━━━ Given records

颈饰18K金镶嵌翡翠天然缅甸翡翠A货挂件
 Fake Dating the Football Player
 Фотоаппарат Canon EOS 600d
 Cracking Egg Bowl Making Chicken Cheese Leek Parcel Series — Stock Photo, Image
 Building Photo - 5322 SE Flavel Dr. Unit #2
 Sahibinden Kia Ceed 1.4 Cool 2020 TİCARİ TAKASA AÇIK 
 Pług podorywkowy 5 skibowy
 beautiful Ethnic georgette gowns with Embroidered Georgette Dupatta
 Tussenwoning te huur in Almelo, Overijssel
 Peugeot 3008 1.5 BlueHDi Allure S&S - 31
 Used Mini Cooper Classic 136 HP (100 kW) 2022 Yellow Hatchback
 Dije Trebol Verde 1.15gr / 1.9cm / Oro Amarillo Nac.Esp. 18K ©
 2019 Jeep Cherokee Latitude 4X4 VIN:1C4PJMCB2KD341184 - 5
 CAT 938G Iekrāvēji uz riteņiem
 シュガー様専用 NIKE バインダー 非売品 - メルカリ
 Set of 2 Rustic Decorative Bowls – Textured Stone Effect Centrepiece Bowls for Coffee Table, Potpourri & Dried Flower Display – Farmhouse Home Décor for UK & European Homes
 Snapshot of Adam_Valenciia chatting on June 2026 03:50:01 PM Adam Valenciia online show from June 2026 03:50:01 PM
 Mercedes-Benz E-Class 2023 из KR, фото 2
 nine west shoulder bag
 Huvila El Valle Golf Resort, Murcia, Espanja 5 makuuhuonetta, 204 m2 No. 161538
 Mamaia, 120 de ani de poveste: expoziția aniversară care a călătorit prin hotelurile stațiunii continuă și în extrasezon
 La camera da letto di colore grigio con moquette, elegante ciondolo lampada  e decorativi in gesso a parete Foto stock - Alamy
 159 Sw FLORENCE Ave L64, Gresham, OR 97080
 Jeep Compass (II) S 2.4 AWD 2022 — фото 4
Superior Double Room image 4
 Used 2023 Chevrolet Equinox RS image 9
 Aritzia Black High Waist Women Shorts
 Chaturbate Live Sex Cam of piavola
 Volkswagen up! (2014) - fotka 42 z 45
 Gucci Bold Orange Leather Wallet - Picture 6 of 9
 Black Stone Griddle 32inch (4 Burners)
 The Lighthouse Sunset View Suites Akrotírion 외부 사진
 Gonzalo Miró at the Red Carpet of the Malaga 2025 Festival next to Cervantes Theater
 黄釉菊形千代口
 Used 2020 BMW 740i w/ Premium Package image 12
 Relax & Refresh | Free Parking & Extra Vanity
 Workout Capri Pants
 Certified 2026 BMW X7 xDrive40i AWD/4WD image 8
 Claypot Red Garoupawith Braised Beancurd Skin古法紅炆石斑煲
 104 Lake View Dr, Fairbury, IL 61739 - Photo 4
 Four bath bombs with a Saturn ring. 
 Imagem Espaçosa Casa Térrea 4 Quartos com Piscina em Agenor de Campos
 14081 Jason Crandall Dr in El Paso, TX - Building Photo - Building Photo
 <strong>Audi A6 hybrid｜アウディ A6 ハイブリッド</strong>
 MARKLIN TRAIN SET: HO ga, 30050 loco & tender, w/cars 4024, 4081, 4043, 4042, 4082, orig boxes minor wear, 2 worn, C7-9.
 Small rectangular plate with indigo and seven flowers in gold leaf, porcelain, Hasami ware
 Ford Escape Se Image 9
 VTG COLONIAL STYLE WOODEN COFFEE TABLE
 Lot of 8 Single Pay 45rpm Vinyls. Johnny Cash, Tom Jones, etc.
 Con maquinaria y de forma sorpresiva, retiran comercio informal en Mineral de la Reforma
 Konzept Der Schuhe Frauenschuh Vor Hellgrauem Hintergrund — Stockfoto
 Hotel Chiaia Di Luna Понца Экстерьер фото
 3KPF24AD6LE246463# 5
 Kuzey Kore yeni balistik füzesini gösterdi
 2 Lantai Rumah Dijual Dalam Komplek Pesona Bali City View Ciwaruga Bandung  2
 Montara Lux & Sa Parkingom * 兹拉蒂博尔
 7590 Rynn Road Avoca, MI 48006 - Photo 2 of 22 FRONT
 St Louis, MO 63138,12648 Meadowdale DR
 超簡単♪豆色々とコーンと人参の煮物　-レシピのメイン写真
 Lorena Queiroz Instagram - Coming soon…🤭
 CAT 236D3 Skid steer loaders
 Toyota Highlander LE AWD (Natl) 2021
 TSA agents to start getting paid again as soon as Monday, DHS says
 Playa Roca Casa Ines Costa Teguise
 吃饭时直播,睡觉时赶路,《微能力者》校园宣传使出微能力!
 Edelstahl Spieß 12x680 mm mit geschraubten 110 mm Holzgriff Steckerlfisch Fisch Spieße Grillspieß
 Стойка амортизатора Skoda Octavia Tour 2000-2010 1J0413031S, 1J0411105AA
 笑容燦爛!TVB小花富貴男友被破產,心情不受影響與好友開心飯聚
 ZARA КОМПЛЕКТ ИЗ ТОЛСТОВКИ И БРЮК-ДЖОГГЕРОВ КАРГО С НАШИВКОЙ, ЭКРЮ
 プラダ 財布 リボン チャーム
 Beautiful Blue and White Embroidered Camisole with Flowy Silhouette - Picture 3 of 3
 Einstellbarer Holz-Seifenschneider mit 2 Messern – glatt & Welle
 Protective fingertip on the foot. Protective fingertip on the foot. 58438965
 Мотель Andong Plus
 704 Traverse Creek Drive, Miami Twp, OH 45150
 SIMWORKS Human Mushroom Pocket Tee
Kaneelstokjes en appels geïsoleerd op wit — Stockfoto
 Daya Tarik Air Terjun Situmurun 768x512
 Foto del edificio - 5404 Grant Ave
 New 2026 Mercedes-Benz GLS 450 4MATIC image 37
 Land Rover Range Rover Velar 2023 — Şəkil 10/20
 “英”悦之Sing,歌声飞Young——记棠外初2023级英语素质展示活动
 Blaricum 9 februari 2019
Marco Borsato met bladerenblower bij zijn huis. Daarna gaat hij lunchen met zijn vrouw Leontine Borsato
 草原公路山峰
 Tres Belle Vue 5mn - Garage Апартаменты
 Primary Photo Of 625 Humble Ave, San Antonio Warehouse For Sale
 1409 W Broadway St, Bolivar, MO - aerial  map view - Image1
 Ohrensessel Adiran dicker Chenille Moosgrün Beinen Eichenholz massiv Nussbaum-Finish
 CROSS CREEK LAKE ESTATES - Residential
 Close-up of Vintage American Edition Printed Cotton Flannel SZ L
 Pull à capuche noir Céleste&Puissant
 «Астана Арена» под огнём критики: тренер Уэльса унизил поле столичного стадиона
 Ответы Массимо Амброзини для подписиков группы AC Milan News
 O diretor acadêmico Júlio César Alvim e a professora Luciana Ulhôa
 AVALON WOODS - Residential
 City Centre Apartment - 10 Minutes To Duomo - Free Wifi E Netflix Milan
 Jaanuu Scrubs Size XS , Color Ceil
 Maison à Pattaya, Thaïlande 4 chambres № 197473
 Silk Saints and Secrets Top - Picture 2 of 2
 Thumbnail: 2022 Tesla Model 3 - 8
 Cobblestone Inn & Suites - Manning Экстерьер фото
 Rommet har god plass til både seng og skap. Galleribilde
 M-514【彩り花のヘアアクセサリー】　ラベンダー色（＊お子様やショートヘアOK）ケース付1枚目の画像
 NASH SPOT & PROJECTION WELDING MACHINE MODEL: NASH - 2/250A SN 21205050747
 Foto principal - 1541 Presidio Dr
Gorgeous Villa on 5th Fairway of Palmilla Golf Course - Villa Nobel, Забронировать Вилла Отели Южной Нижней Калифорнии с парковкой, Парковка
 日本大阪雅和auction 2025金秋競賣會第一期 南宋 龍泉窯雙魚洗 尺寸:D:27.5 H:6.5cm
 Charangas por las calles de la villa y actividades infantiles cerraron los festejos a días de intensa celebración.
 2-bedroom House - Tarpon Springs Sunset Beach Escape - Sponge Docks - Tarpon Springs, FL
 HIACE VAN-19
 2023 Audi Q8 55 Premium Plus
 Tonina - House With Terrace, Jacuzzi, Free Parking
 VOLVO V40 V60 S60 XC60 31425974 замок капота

━━━━━━

Repeat, word for word, the lines from the start of the records to the line that contains "Peugeot 3008 1.5 BlueHDi Allure S&S - 31", both of them included, and no others.

颈饰18K金镶嵌翡翠天然缅甸翡翠A货挂件
 Fake Dating the Football Player
 Фотоаппарат Canon EOS 600d
 Cracking Egg Bowl Making Chicken Cheese Leek Parcel Series — Stock Photo, Image
 Building Photo - 5322 SE Flavel Dr. Unit #2
 Sahibinden Kia Ceed 1.4 Cool 2020 TİCARİ TAKASA AÇIK 
 Pług podorywkowy 5 skibowy
 beautiful Ethnic georgette gowns with Embroidered Georgette Dupatta
 Tussenwoning te huur in Almelo, Overijssel
 Peugeot 3008 1.5 BlueHDi Allure S&S - 31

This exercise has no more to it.